▶ **Records supplied**:
┄┄┄┄┄┄┄┄┄┄

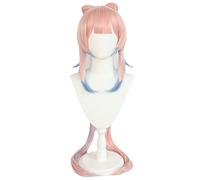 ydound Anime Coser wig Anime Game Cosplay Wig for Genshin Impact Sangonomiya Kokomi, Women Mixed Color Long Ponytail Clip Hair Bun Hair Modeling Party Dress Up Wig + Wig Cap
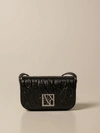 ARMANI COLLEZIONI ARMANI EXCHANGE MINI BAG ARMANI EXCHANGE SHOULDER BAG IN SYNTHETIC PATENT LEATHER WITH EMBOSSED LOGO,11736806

┄┄┄┄┄┄┄┄┄┄

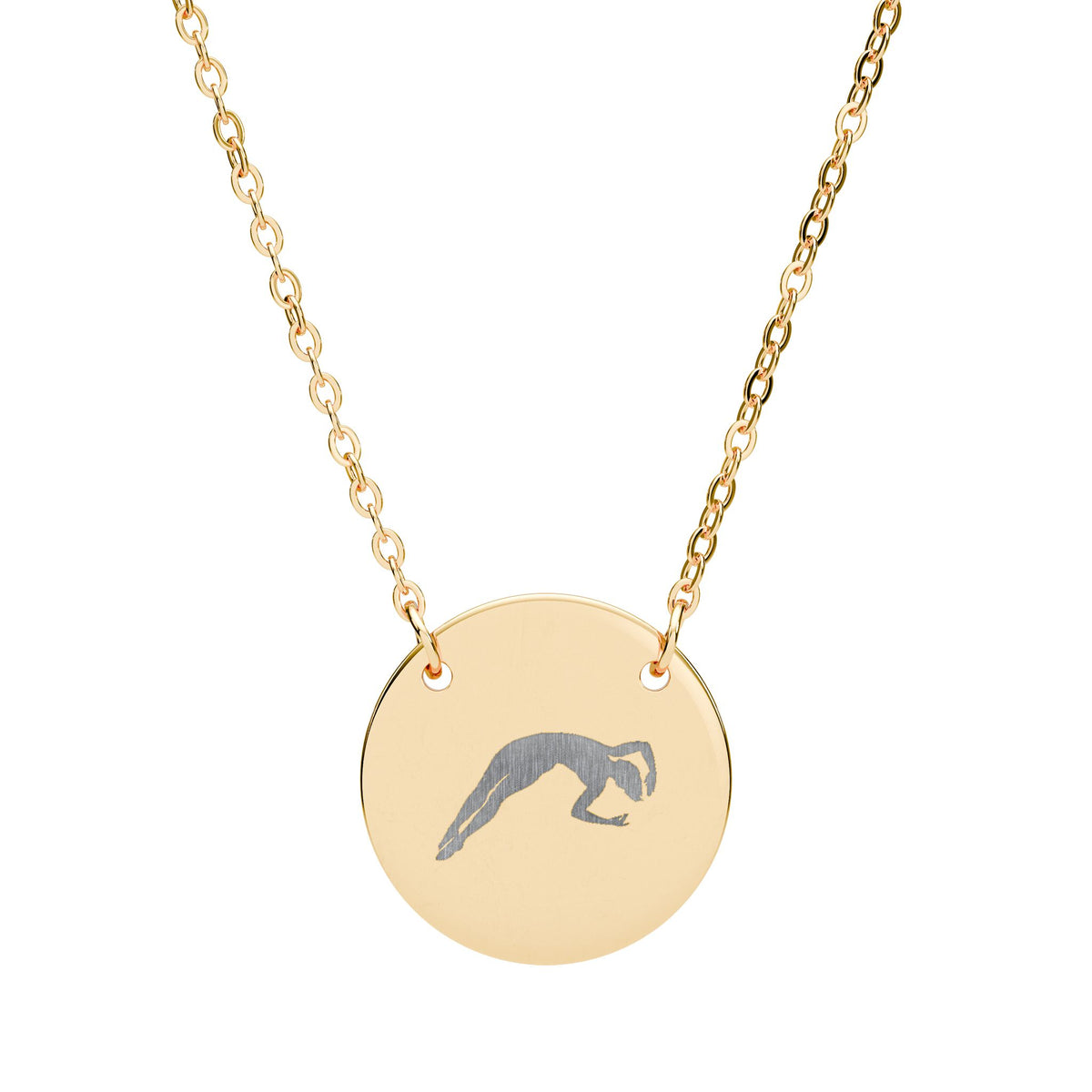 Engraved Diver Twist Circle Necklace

┄┄┄┄┄┄┄┄┄┄

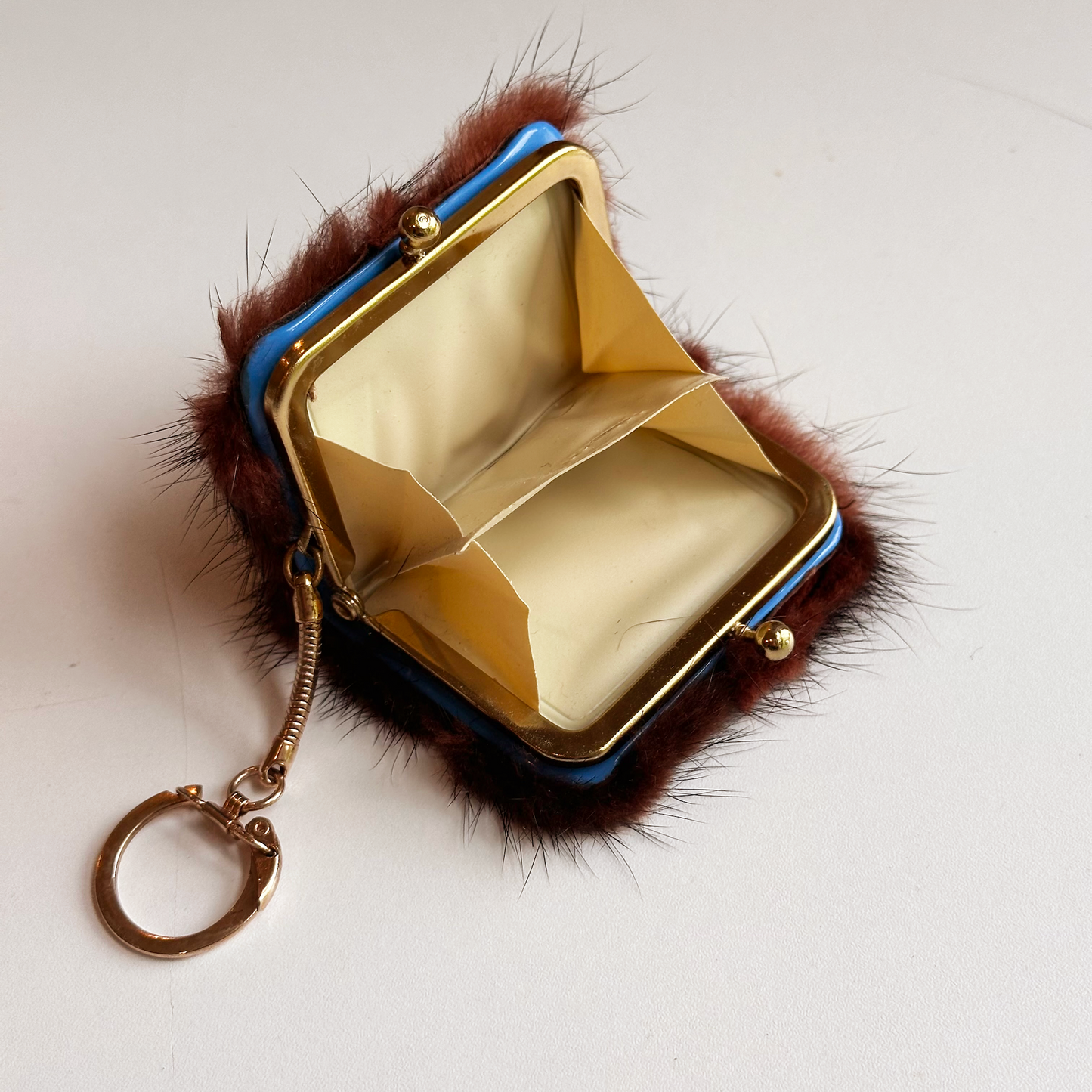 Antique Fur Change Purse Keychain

┄┄┄┄┄┄┄┄┄┄

▶ **Exercise instructions**:
In the entries above, find the line with "ydound Anime Coser" and the line with "ARMANI COLLEZIONI ARMANI". Write out exactly those two lines and every line between them, pictures excluded.

▶ **Answer section**:
 ydound Anime Coser wig Anime Game Cosplay Wig for Genshin Impact Sangonomiya Kokomi, Women Mixed Color Long Ponytail Clip Hair Bun Hair Modeling Party Dress Up Wig + Wig Cap
 ARMANI COLLEZIONI ARMANI EXCHANGE MINI BAG ARMANI EXCHANGE SHOULDER BAG IN SYNTHETIC PATENT LEATHER WITH EMBOSSED LOGO,11736806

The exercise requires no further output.